Financial costs aside, claimants should also consider the time and effort needed to fight a case in local courts. Compiling all invoices and documentation and sending them to the court can take between 10 and 20 days, with a further 10 days needed for translating paperwork into Arabic. At this point, Al Bahar registers the case at court and awaits a hearing date. In the meantime, the debtor is notified about the proceedings and given a chance to put a case together.
If the dispute reaches this stage, Al Bahar will have phoned the debtor to explain the situation in a friendly manner before serving legal notices. “The debtors sometimes call us liars, say they want to negotiate, or tell us the disputed amount isn’t right,” Mr Siddiqui says. “We get letters and calls denying everything, so we tell them to come for a meeting to clear up the matter.”

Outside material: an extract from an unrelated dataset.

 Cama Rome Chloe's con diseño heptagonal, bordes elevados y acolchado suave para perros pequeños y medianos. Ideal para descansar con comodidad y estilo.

Remaining polite and courteous may be Al Bahar’s approach, but it’s certainly not how at least one UAE bank operates, according to an unhappy customer. An Australian woman, who wishes to remain anonymous, claims she and her husband were recently “hassled” by HSBC after their current account went overdrawn by Dh37.
“We had three calls from the bank to make sure we put the money back,” she says.
The Dubai-based woman, who has lived in the emirate for three years, adds the matter was quickly settled after she transferred funds from the savings to current account. But she did not appreciate receiving “irritating” calls for such a small amount.
Last month Shayne Nelson, chief executive of Standard Chartered bank, said that local banks were struggling to cope with a near $11 billion liquidity shortfall from unsecured loans – perhaps explaining HSBC’s urgency to recoup Dh37.
While local banks have no intention of letting customers walk away without making good on their debts, Al Bahar’s Mr Ajjour suggests some creditors may be better off doing just that. In some cases, claimants are hoping for a quick payout of their money from debtors to pay rent or put food on the table. But with high legal costs and lengthy court proceedings, he believes it’s sometimes easier to walk away.
If you still want to do all you can to try to recoup your money, even if it has fled the country, Mr Ajjour does have connections abroad.
“We do chase people even if they have left the UAE,” he says. In criminal cases in which someone has procured cash through false pretences, Al Bahar hands matters over to Interpol, the international crime organisation. The more straightforward and non-criminal disputes often involve businesses outside this region that haven’t paid invoices to UAE-based companies in a timely manner.
“It takes time [to recoup debt from companies outside the UAE] which is not ideal if you need money to live on here,” he says. “If, for example, someone takes Dh100,000 from you and leaves, you can go to a lawyer, but the costs will soon start mounting up, so it might be better to forget it.”